+++ Exercise input +++

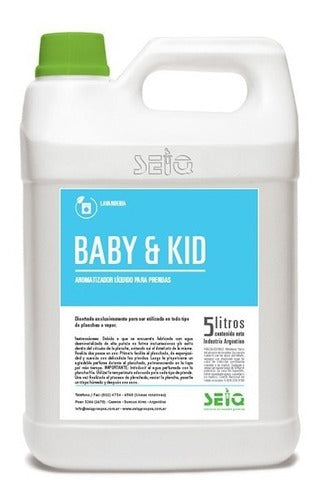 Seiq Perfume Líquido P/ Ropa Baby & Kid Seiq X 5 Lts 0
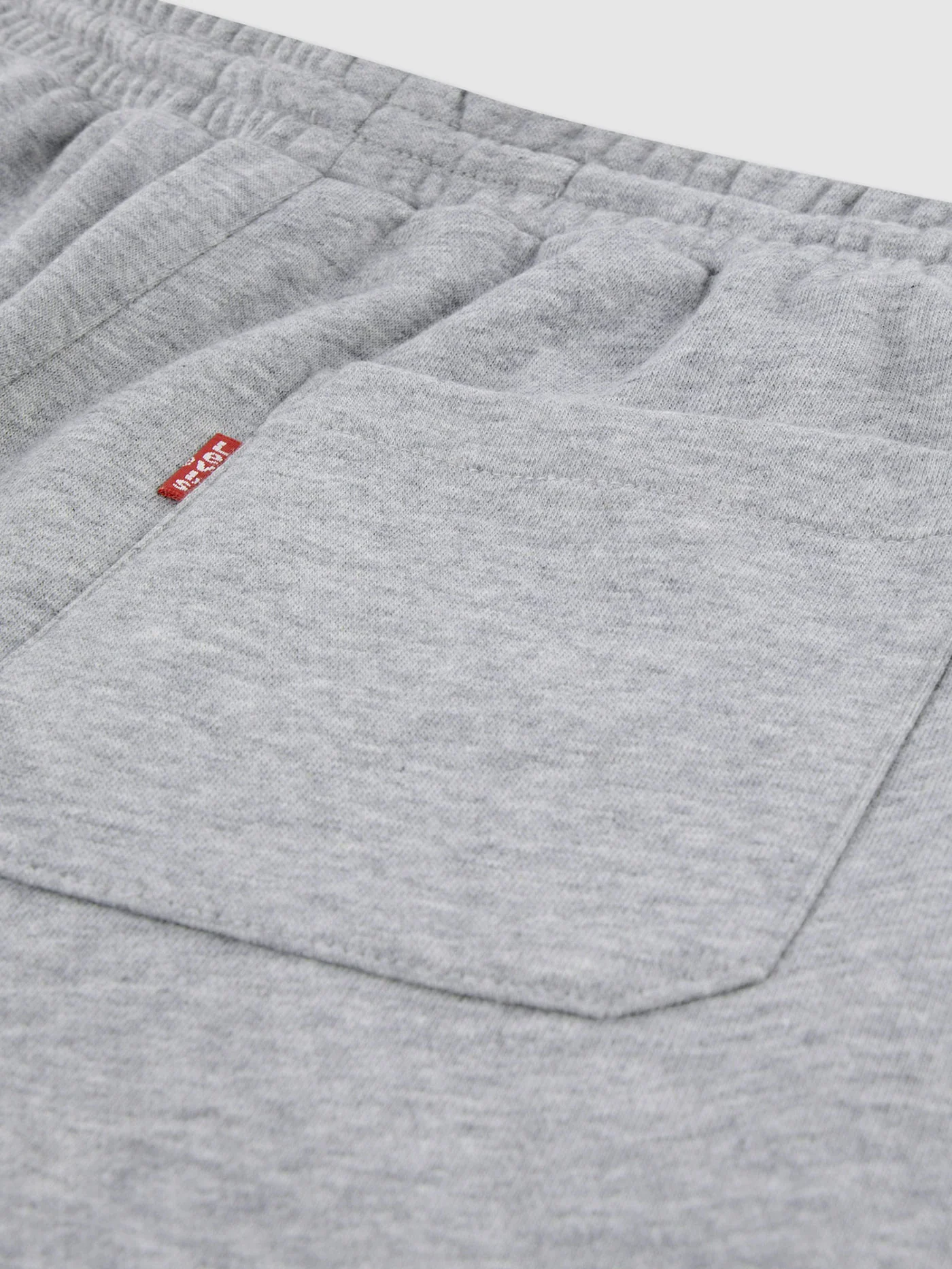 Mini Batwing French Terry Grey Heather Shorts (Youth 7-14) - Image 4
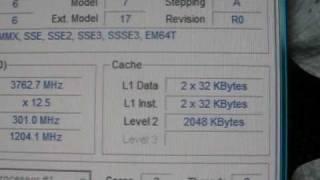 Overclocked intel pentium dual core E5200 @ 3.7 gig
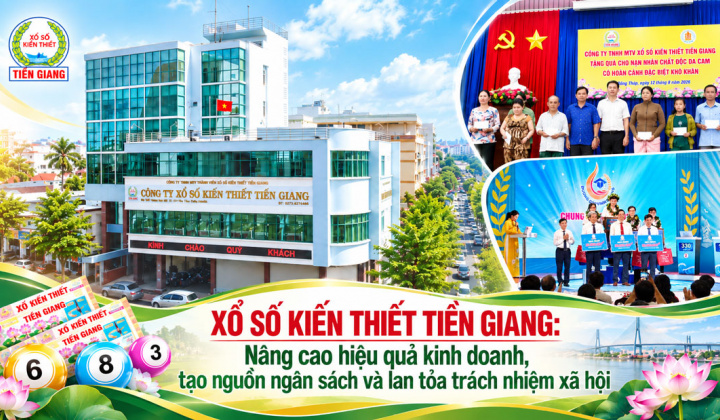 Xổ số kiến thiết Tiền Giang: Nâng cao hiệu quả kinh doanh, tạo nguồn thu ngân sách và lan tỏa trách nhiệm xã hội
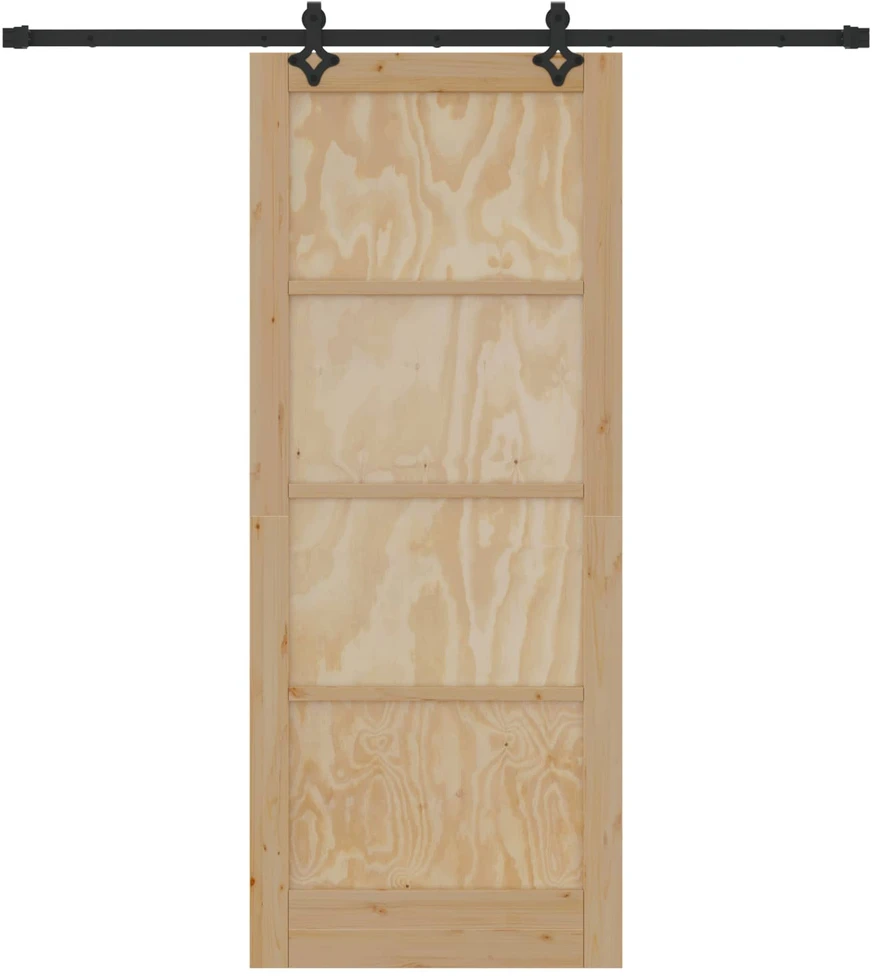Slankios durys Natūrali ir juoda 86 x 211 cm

+++

▸ **Task goal**
Take only the line containing "Overclocked intel pentium" and every line after it to the end of the entries, and copy them exactly, pictures excluded.

▸ **Written response**
 Overclocked intel pentium dual core E5200 @ 3.7 gig
 Xổ số kiến thiết Tiền Giang: Nâng cao hiệu quả kinh doanh, tạo nguồn thu ngân sách và lan tỏa trách nhiệm xã hội
Slankios durys Natūrali ir juoda 86 x 211 cm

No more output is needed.